Begitulah suasana Idulfitri di masa-masa terdahulu. Penuh perenungan, penuh kontemplasi. Sebagian orang salih zaman dulu berkata, "Sesungguhnya hari Id adalah hari kebahagiaan dan suka cita". Lalu ada yang menjawab, "Benar. Namun, aku adalah seorang hamba, Tuanku memerintahkan aku untuk melakukan suatu pekerjaan. Aku tidak tahu apakah ia menerima apa yang telah aku kerjakan atau tidak".
'Ali bin Abi Thalib ra mengatakan,
:
"Hendaklah kalian lebih memperhatikan bagaimana agar amalan kalian diterima daripada hanya sekedar beramal. Tidakkah kalian menyimak firman Allah, "Sesungguhnya Allah hanya menerima (amalan) dari orang-orang yang bertakwa" (Al Maidah: 27).

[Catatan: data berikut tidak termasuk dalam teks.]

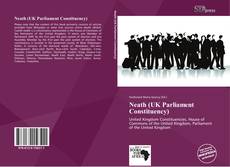 Portada del libro de Neath (UK Parliament Constituency)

Wahab bin Wardi pernah melihat sekelompok orang yang bersuka cita dan tertawa di hari 'Idulfitri. Beliau berkomentar,
"Apabila puasa mereka diterima di sisi Allah, apakah tindakan mereka tersebut adalah gambaran orang yang bersyukur kepada-Nya? Dan jika ternyata puasa mereka tidak diterima, apakah tindakan mereka itu adalah gambaran orang yang takut akan siksa-Nya?" (Diriwayatkan oleh Al-Baihaqi dalam Asy Syu'ab nomor 3727, Latha-iful Ma'arif hal. 232).
Demikian pula Imam Hasan Al-Bashri. Di hari Idulfitri beliau merasakan kekhawatiran. Beliau menangis tatkala membayangkan amal yang telah dilakukan, apakah diterima Allah atau tidak.